Of the entries below, return exactly those lines that fall between the one containing "Nope Accent Coffee Mug, 11oz" and the one containing "Villa Pietra - Schlafzimmer", the two end lines included.
[TASK INPUT Boundary: Start]
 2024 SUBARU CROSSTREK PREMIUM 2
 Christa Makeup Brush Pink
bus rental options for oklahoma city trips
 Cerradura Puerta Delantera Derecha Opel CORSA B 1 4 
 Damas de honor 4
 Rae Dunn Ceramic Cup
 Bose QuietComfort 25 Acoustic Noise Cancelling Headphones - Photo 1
[TASK INPUT Boundary: End]
[TASK INPUT Boundary: Start]
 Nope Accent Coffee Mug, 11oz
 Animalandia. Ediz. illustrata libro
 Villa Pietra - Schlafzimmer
[TASK INPUT Boundary: End]
[TASK INPUT Boundary: Start]
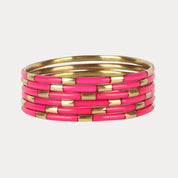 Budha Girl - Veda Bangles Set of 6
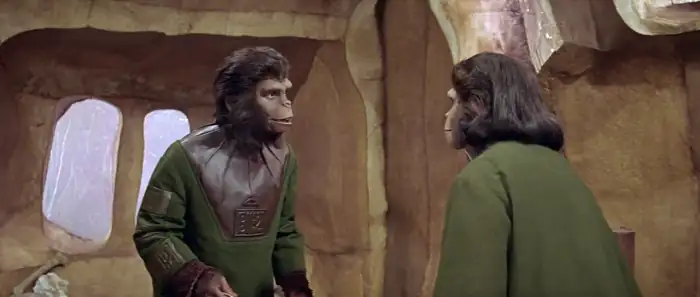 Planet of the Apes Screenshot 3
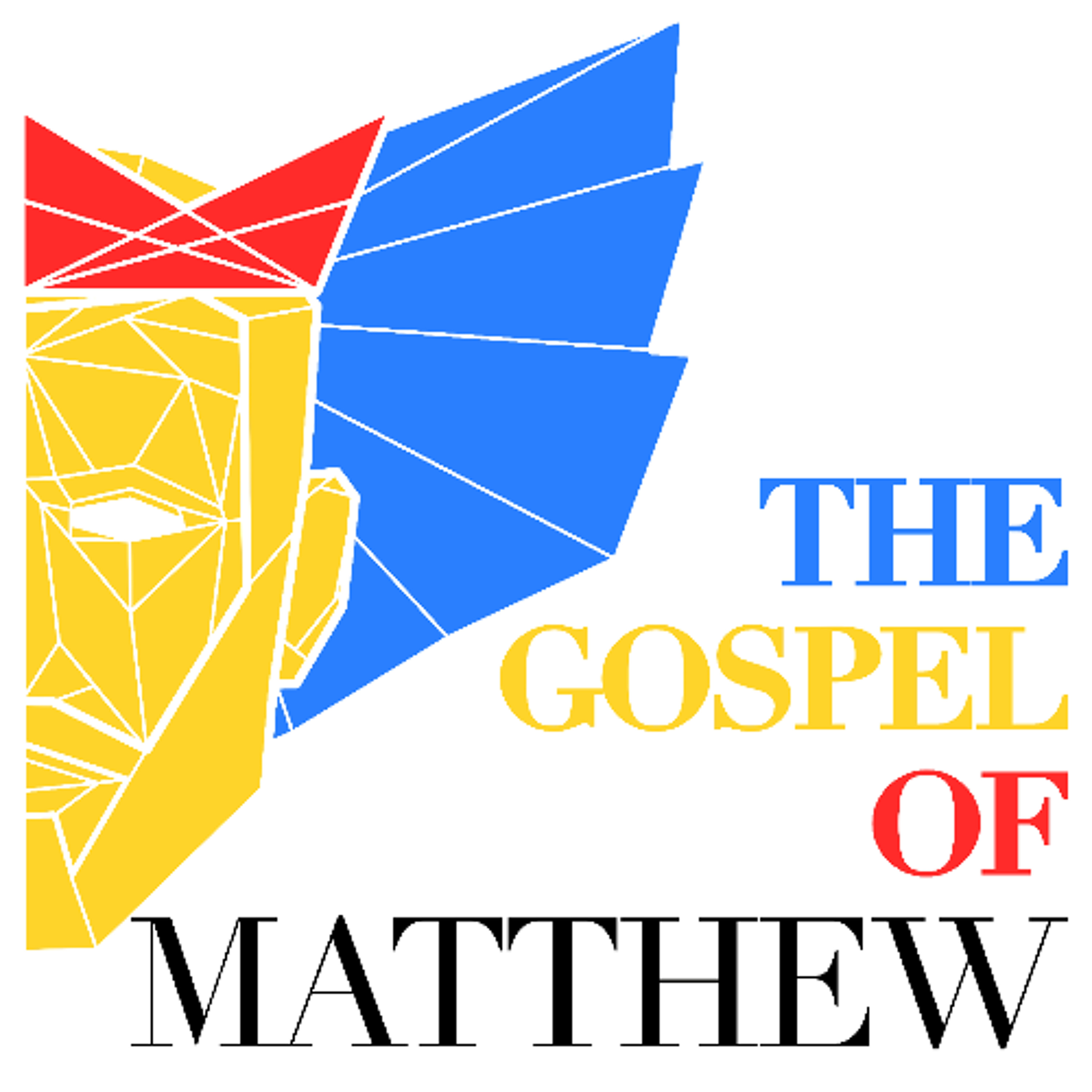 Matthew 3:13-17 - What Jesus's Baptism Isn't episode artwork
[TASK INPUT Boundary: End]
= EXERCISE ANSWER =
 Nope Accent Coffee Mug, 11oz
 Animalandia. Ediz. illustrata libro
 Villa Pietra - Schlafzimmer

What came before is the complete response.